**TRY IT**
Omit the pictures and print exactly the lines of the listing below, starting at the first and ending at the line containing "Nisan, 2019. Kramatorsk, Ukrayna.".

**DATA EXCERPTS**
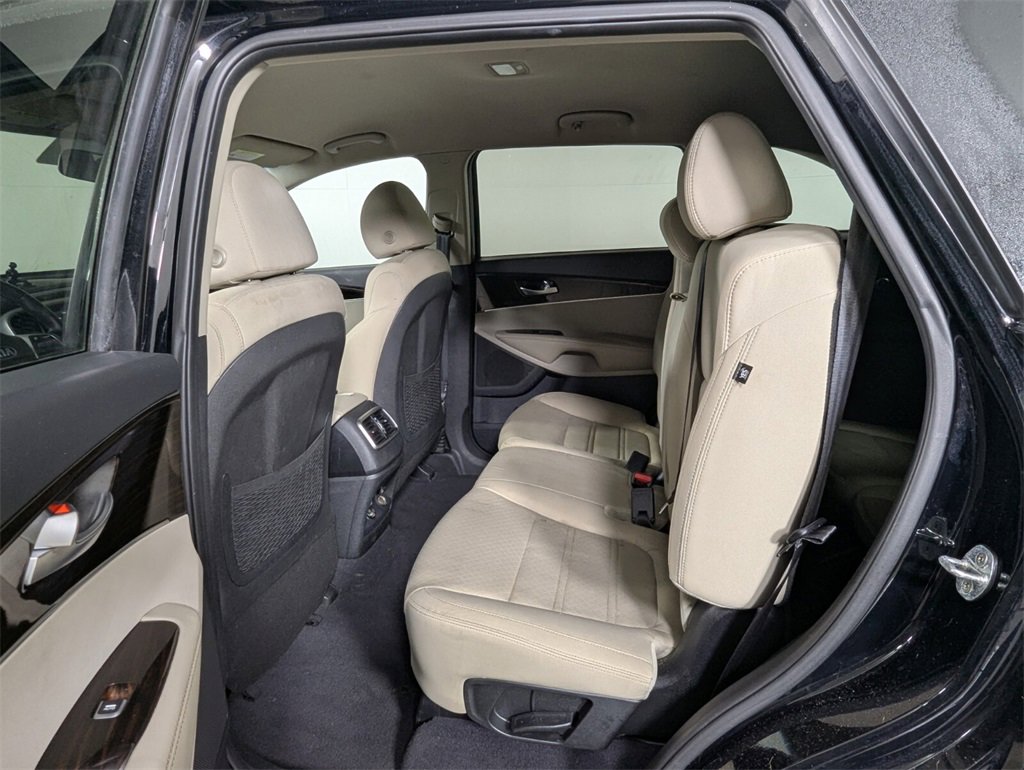 Used 2020 Kia Sorento S image 23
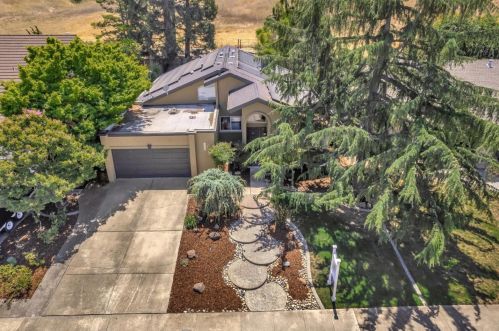 642 Colleen Dr, San Jose CA 95123-4509 exterior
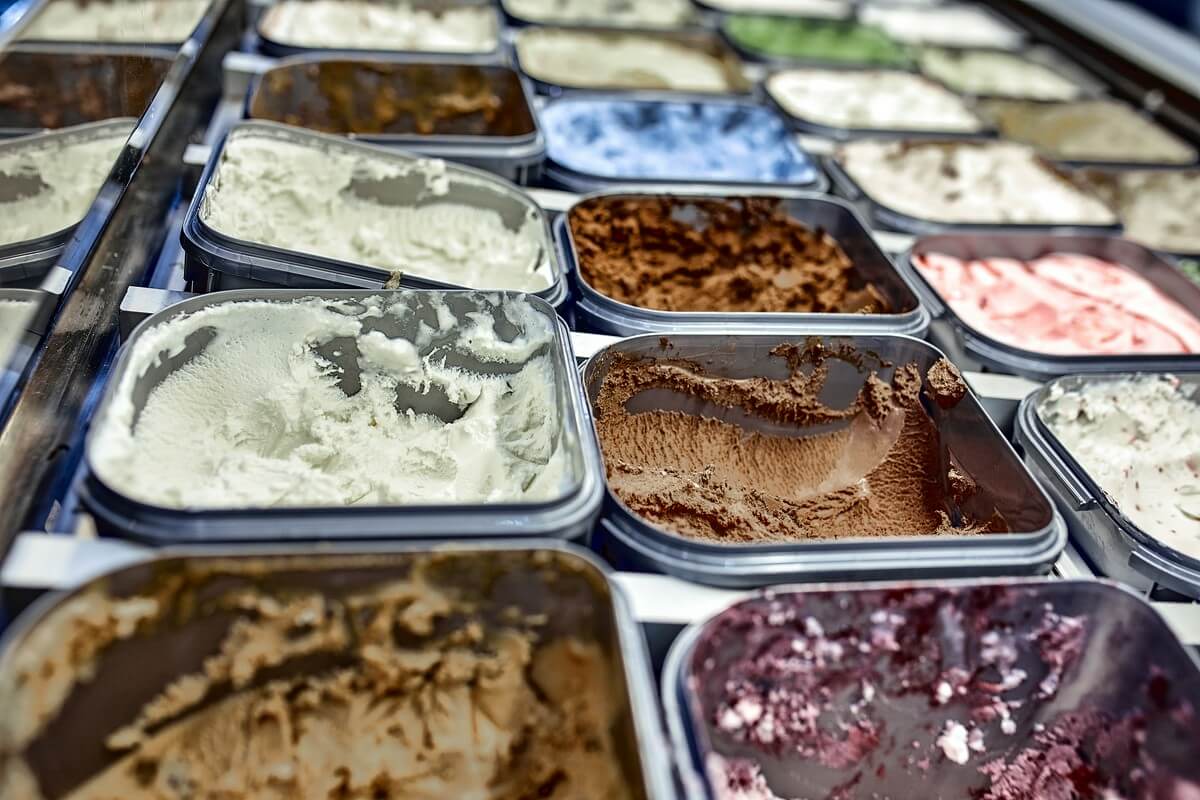 Co to jest baza do lodów i jakie są jej rodzaje? 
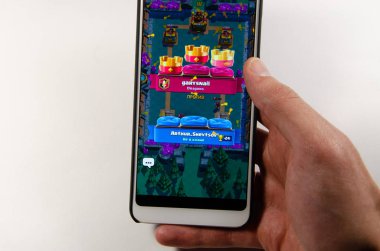 Nisan, 2019. Kramatorsk, Ukrayna. Royale oyun üzerinde beyaz bir akıllı telefon elinde çatışma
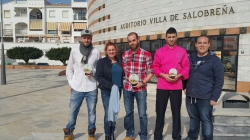Mª EUGENIA RUFINO FELICITA A LOS COCINEROS SALOBREÑEROS PREMIADOS EN EL CONCURSO DEL HOTEL VICTORIA PLAYA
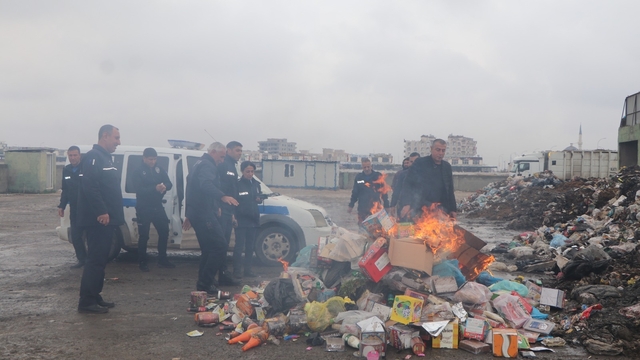 Şanlıurfa'da son kullanma tarihi geçmiş ürünler imha edildi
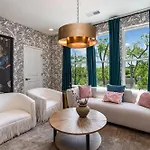 Holiday home Songbird Social - Hot Tub & Grill - Near Broadway *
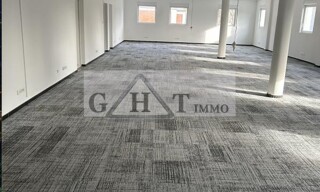 Bureau  263 m² à louer à Villeneuve-la-Garenne (92390)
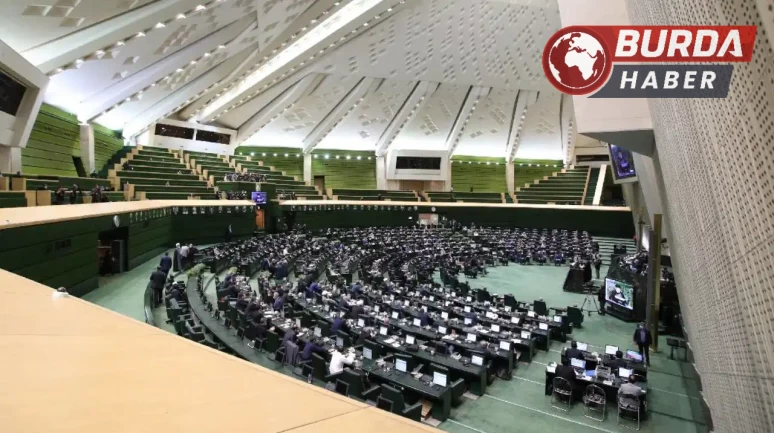 İran’ın NPT'den çekilme talebi meclis gündemine taşınacak.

**RESULT OF THIS EXERCISE**
 Used 2020 Kia Sorento S image 23
 642 Colleen Dr, San Jose CA 95123-4509 exterior
 Co to jest baza do lodów i jakie są jej rodzaje? 
 Nisan, 2019. Kramatorsk, Ukrayna. Royale oyun üzerinde beyaz bir akıllı telefon elinde çatışma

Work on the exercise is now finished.